(Entries taken from a collection)
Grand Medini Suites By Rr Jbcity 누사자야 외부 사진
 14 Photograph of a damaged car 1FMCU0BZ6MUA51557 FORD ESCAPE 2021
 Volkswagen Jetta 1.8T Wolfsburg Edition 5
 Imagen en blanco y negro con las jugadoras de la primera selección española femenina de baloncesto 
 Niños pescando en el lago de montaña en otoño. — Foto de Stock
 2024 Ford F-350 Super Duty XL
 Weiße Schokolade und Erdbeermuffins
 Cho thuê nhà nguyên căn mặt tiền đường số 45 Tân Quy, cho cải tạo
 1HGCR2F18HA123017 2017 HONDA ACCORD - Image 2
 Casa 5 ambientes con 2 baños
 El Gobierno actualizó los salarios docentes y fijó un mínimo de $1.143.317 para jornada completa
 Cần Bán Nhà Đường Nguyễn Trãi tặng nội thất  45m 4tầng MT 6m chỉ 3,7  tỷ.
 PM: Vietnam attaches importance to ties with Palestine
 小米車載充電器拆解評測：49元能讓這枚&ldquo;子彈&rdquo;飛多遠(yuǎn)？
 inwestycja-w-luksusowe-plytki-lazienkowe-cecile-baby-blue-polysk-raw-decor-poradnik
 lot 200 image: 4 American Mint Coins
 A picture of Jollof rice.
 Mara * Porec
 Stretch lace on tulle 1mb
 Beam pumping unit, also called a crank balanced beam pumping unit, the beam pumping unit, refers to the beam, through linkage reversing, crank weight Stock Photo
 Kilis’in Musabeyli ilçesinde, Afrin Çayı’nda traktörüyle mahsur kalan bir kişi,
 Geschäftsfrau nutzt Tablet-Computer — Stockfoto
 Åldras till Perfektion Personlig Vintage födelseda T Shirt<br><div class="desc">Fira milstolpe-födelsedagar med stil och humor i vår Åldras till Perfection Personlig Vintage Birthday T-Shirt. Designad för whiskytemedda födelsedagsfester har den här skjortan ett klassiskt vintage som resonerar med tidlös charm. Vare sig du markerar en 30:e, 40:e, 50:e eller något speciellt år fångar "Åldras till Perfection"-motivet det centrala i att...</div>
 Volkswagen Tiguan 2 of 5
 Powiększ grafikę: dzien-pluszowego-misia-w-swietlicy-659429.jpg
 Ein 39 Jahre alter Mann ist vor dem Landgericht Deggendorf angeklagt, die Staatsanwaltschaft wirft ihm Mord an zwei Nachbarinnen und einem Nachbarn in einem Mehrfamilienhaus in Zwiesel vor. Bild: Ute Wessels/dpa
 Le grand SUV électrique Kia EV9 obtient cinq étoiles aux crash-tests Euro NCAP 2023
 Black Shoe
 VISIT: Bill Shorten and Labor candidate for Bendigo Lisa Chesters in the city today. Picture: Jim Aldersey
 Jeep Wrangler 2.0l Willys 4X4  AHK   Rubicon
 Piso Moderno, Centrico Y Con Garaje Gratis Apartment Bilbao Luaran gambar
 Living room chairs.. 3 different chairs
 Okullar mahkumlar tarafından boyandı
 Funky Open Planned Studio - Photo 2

## EXERCISE OBJECTIVE
What is needed is an exact printout of every line from the one with "Okullar mahkumlar tarafından boyandı" through the end of the data, including both, and nothing more.

## WRITTEN SOLUTION
 Okullar mahkumlar tarafından boyandı
 Funky Open Planned Studio - Photo 2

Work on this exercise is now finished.